-------- Data supplied

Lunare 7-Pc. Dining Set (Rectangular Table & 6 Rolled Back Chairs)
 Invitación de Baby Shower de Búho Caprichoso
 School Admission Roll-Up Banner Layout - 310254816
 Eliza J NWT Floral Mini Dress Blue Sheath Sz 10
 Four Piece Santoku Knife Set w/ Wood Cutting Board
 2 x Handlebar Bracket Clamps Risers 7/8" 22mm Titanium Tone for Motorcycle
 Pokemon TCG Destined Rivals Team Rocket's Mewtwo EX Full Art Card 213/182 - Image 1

----------------

Return only the exact lines from the opening of the records through the line that contains "Eliza J NWT", both included.

Lunare 7-Pc. Dining Set (Rectangular Table & 6 Rolled Back Chairs)
 Invitación de Baby Shower de Búho Caprichoso
 School Admission Roll-Up Banner Layout - 310254816
 Eliza J NWT Floral Mini Dress Blue Sheath Sz 10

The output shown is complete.